## REQUIRED ACTION
Below are the entries. Transcribe exactly the lines from the one with "Circle of black" through the one with "Luxurious kitchen with", ends included, and leave out all others.

## AVAILABLE DATA
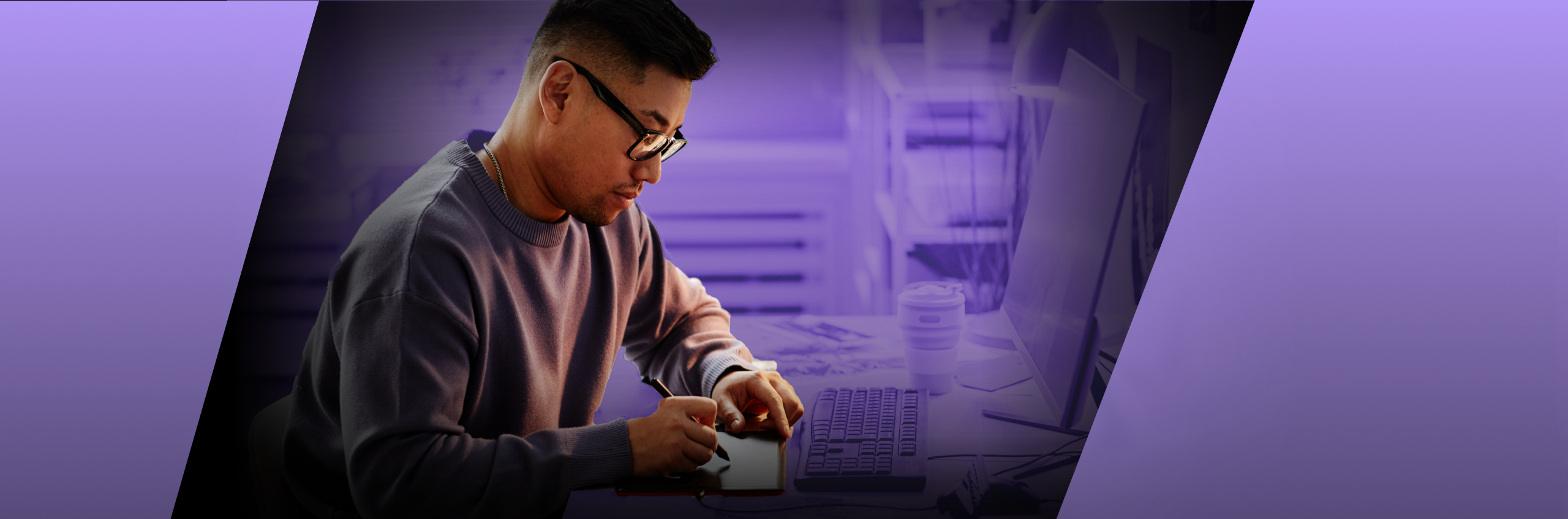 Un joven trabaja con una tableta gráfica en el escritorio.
---
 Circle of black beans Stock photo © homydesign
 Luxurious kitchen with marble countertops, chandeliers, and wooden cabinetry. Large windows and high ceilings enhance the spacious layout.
--
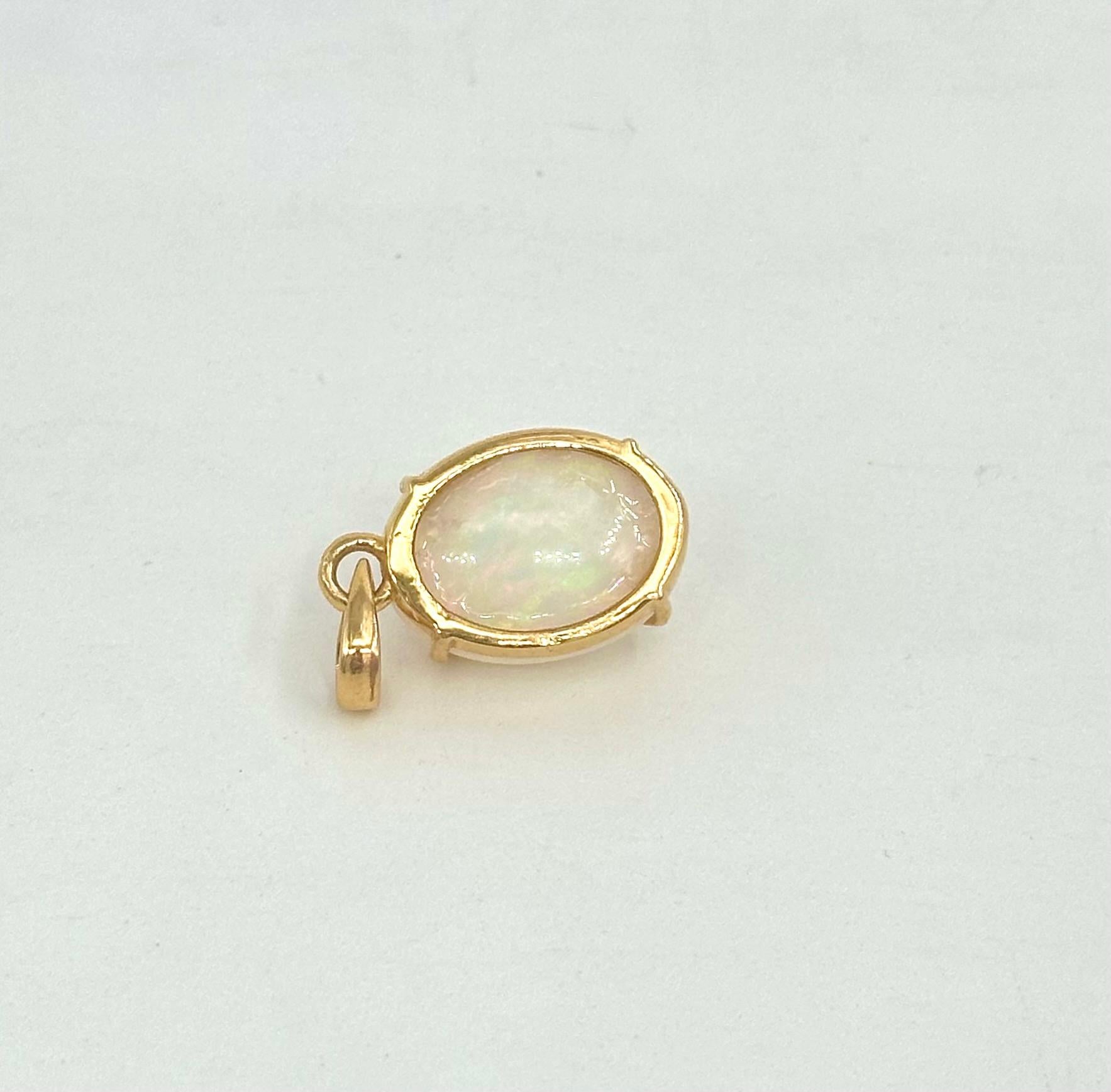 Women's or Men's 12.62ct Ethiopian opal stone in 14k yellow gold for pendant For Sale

## WRITTEN RESPONSE
 Circle of black beans Stock photo © homydesign
 Luxurious kitchen with marble countertops, chandeliers, and wooden cabinetry. Large windows and high ceilings enhance the spacious layout.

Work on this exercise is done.